--empyre- soft-skinned space--
Hi, everyone, thanks for great week. Hope you'll continue to chime in through
the rest of the month, as well.
Regarding, Salome's question, I'm wondering whether she would exclude
participatory vibrancy as a critical condition of the auditory. This, for
instance, is what I experienced a few weeks ago during the June 4
demonstrations in Hong Kong where the generation of disruptive noise
constituted a critical act of Hong Kong resistance to mainland centralization.
Or last night, as Renate and I enjoyed the Fete de la Musique in Paris, we
reveled in the non-directional vibrancy of the multifarious sounds of the
public sphere.
Cheers,
Tim
Sent from my iPad
On Jun 19, 2014, at 6:39 PM, Salomé Voegelin m...@salomevoegelin.net wrote:
--empyre- soft-skinned space--
Sorry, just to add. I do not think that a post-idealist, post-humanist
materialism means to deny human agency, perception and reflection in a
passive vibration, but to understand the equivalent embededness, (being
centered in the world while not being at its centre) as well as the ethical
responsibility that comes with being capable of human agency. Because while
the bird can listen to me as much as I can listen to it, in the end my
position is different and if I pretend it is not I think I am in danger or
naturophilia, if such a word exists, and that will not empower the bird.
On Jun 19, 2014, at 11:21 PM, Salomé Voegelin m...@salomevoegelin.net
wrote:
Chris: I am sorry if I was not as clear as I would like to be. I do not
think sound is necessarily political, and a vista is not per se political
either, but listening and looking are. Sound is sound and a chair is a
chair, but how I look at it or listen to it is political. There is a
difference and it is vital.The notion of sonic materialism is important as a
critical lever, but materialism is, for me at least, paradoxically a
philosophy of the material at the same time as it is a philosophy of
perception and reflection, and that paradox or coincidence, dissolves the
dichotomy that you rightly say should not be evoked: it is not a matter of
human/non-human, culture/ nature but the compounding of all of it and thus
gives us an insight into the make-up, bias, balance of that comound. So I
think, or hope at least, we are on the whole in agreement, if not in the
details or in how we get there.
I do not mean to build a straw man or woman and neither do I mean to point
a finger at any body in particular, but the focus, as seen in these
discussions, on the one hand towards technological clarify, and on the other
hand the celebration of unspeakable states of the heard (mishearings and
hallucinations) that need to be bracketed off if we want to make sense
within critical language confuses me. It at once suggests that sound is a
pre-critical inarticulable state that needs to be framed if we mean to hear
anything valuable and talk about it, while at the very same time celebrating
that inarticulable state. Neither position seems useful to me as it avoids
considering the socio-political particularity of listening.

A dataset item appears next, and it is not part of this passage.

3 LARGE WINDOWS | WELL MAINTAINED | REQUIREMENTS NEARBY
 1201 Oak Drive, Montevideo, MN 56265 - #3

hope that makes a bit more sense.
On Jun 19, 2014, at 10:55 PM, Christoph Cox c...@hampshire.edu wrote:
--empyre- soft-skinned space--
Salome: Whom do you have in mind with the claim that some of us . . .
[pretend] that scrutinizing the ideological or political aspects of
listening or sound [ . . .] is somehow either not possible or desirable or
manifests a betrayal of a purer state? Does anyone actually hold that
position? Seems like a straw man argument to me.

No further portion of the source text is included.